--- DATASET ENTRIES ---

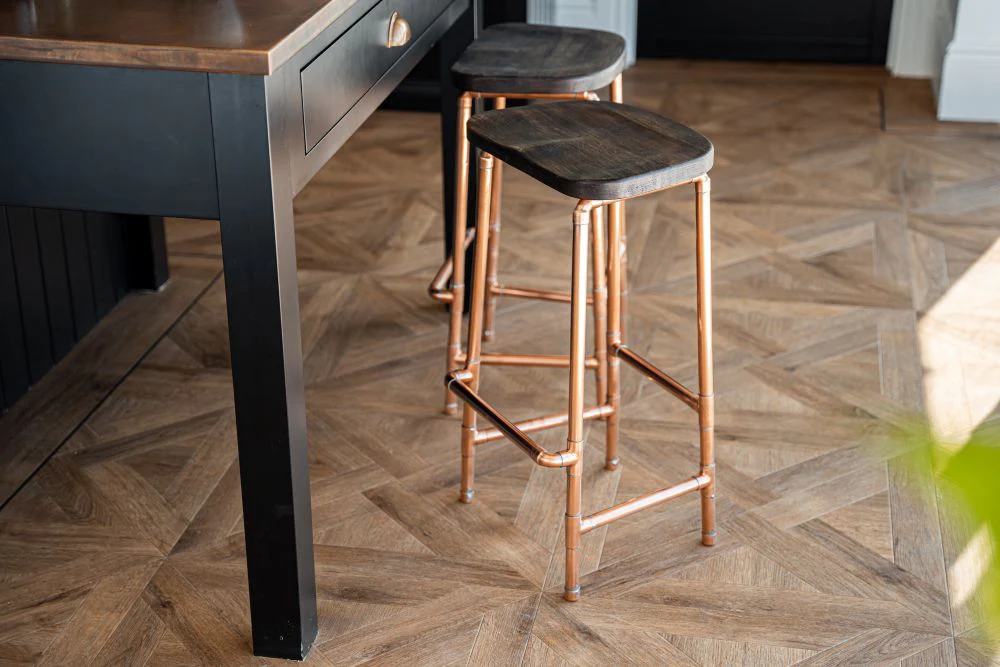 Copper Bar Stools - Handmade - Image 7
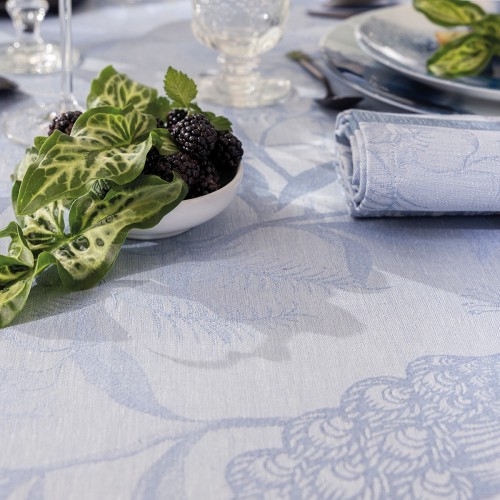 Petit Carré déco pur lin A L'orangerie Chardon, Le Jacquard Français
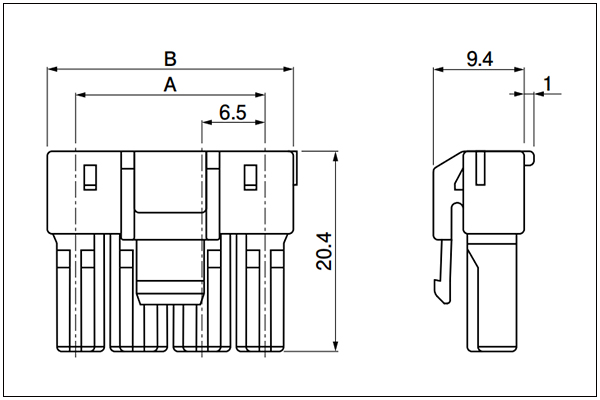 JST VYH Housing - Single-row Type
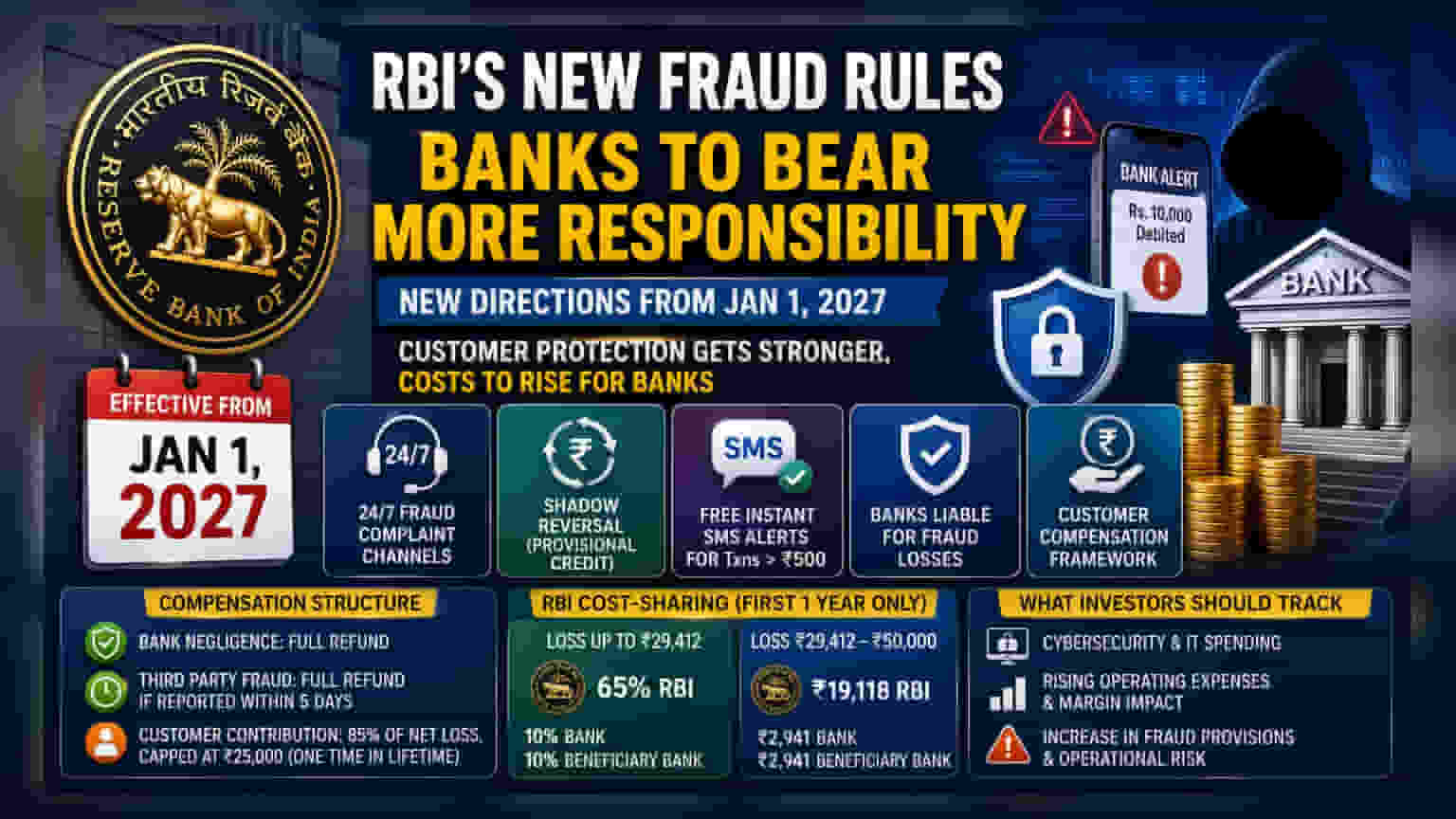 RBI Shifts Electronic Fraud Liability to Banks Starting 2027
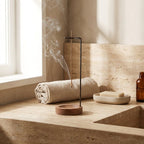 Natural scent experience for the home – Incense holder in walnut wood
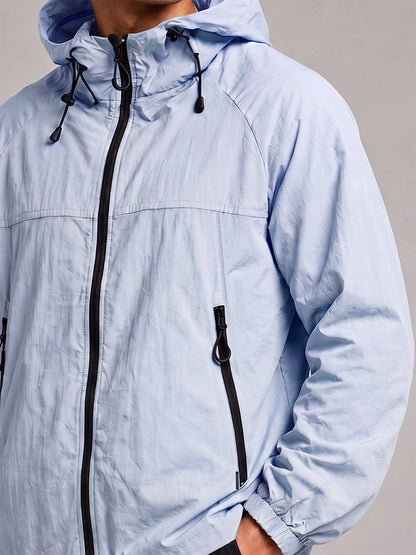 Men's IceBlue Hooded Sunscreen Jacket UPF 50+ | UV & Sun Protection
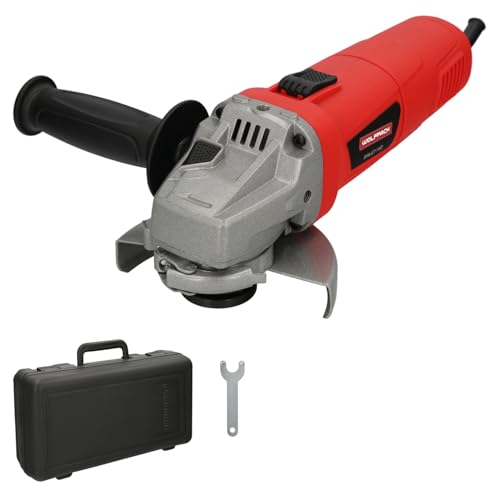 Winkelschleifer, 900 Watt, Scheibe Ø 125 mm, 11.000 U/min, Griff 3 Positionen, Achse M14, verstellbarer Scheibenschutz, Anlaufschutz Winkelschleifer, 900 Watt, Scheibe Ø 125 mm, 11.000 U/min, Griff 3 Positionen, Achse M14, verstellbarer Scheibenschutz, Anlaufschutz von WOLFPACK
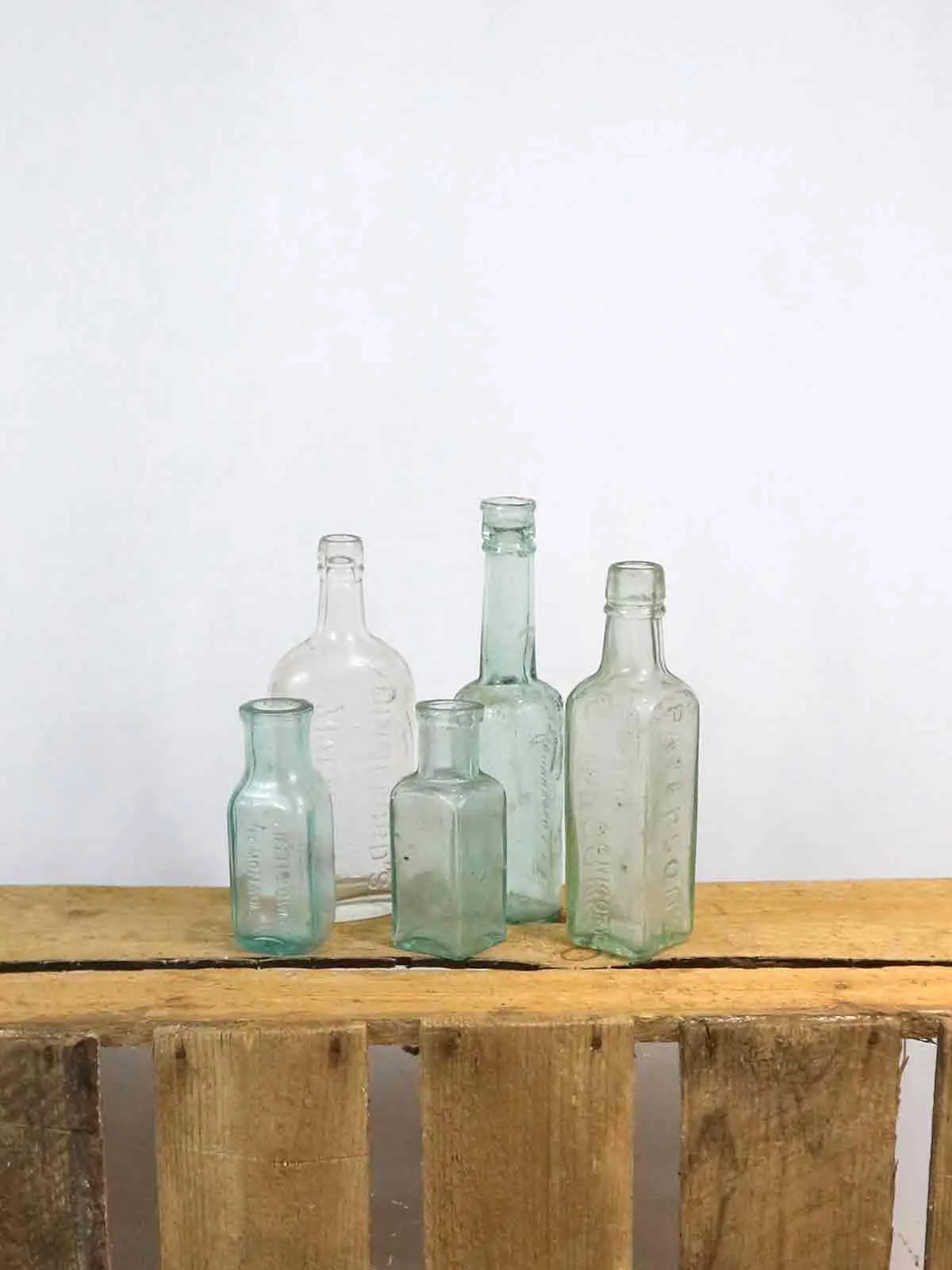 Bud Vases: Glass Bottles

---

REQUIRED WORK: Output only the lines running from the line with "Petit Carré déco" through the last line of the entries above, inclusive, with pictures excluded.

EXERCISE ANSWER:
 Petit Carré déco pur lin A L'orangerie Chardon, Le Jacquard Français
 JST VYH Housing - Single-row Type
 RBI Shifts Electronic Fraud Liability to Banks Starting 2027
 Natural scent experience for the home – Incense holder in walnut wood
 Men's IceBlue Hooded Sunscreen Jacket UPF 50+ | UV & Sun Protection
 Winkelschleifer, 900 Watt, Scheibe Ø 125 mm, 11.000 U/min, Griff 3 Positionen, Achse M14, verstellbarer Scheibenschutz, Anlaufschutz Winkelschleifer, 900 Watt, Scheibe Ø 125 mm, 11.000 U/min, Griff 3 Positionen, Achse M14, verstellbarer Scheibenschutz, Anlaufschutz von WOLFPACK
 Bud Vases: Glass Bottles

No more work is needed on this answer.